Axis Bank Shares Tumble, Dragging Nifty Bank Lower
Axis Bank shares experienced a significant drop of over 4% on December 16, dragging the Nifty Bank index lower. The catalyst for the decline was a report from Citi Research, which projected a delay in Axis Bank's Net Interest Margin (NIM) recovery. Instead of the anticipated Q3FY26, Citi now expects NIMs to bottom out in either Q4 FY26 or Q1 FY27.
Citi Research Report and Financial Outlook
Citi Research maintained its 'Neutral' call on Axis Bank shares with a target price of Rs 1,285, suggesting only a marginal upside from its previous close. The brokerage noted improved traction in corporate lending and a recovery in the retail segment, driven by pent-up demand, though its sustainability requires monitoring. Card stress is easing, personal loans are stabilizing, and export-oriented MSMEs show no stress. However, gross slippages are expected to face seasonal volatility in Q3 from agricultural segment facilities.
Management forecasts a 'C'-shaped NIM trajectory, targeting 3.8% over the next 15-18 months. Optimization of the fee-to-asset ratio is also currently constrained, according to the international brokerage.
Market Reaction
The downturn in Axis Bank shares had a ripple effect across the banking sector. The Nifty Bank index fell by 0.6% to 59,107.65 points in early trading. Several other major banking stocks also traded in the red, including Bank of Baroda, Canara Bank, Punjab National Bank, and IDFC First Bank, which saw declines of nearly 1%. Other prominent banks like IndusInd Bank, State Bank of India, HDFC Bank, and ICICI Bank also registered marginal losses, reflecting broader investor caution in the banking segment.
Expert Analysis
Technical analysts provided mixed views on the banking index. Amruta Shinde of Choice Broking identified immediate resistance around 59,200 for the Nifty Bank, with a breakout potentially leading to 59,700–59,800. She noted the 59,200–59,300 zone as crucial support. Dhupesh Dhameja of SAMCO Securities described the index as being in a consolidation phase, bounded by 59,750 and 58,700. He highlighted the importance of the 59,700 level for a trend shift, with momentum indicators showing indecisiveness. Angel One expressed a bullish outlook on Bank Nifty, setting support at 59,000-58,800 and resistance at 59,800-60,000.
Impact
The immediate impact of this news is a potential decline in investor confidence concerning Axis Bank and the broader Indian banking sector. The delayed Net Interest Margin recovery suggests that banks may continue to face pressure on their profitability in the near to medium term. This could translate into stock price underperformance for affected banks and potentially influence overall market sentiment.
Impact rating: 7/10
Difficult Terms Explained
- Net Interest Margin (NIM): The difference between the interest income a bank generates from its lending activities and the interest it pays out on deposits and borrowings. It is a key measure of a bank's profitability.

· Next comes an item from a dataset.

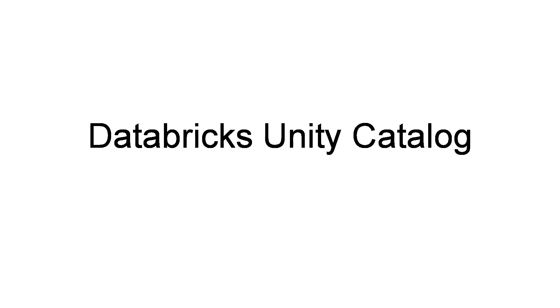This video will get you introduced with Unity Catalog, a unified governance solution for data and AI assets on Lakehouse. Unity Catalog is available in major cloud platforms like AWS, Azure and Google Cloud and it's a premium offering from Databricks.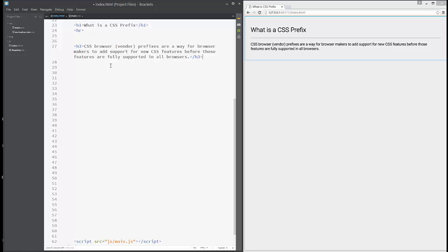This means that we need to add these prefixes so our CSS can work on all browsers.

- Gross slippages: The total value of loans that have become non-performing assets (NPAs) or have been written off during a specific reporting period.
- Fee-to-asset ratio: A measure of how much non-interest income a bank generates from fees and commissions relative to its total assets.
- 'C'-shaped NIM trajectory: A projected path for Net Interest Margins that shows a decline, stabilization at a lower level for a period, followed by a gradual recovery.
- Consolidation phase: A period in the stock market where a stock or index trades within a relatively narrow range, indicating a lack of clear directional trend.
- RSI (Relative Strength Index): A momentum oscillator used in technical analysis that measures the speed and change of price movements.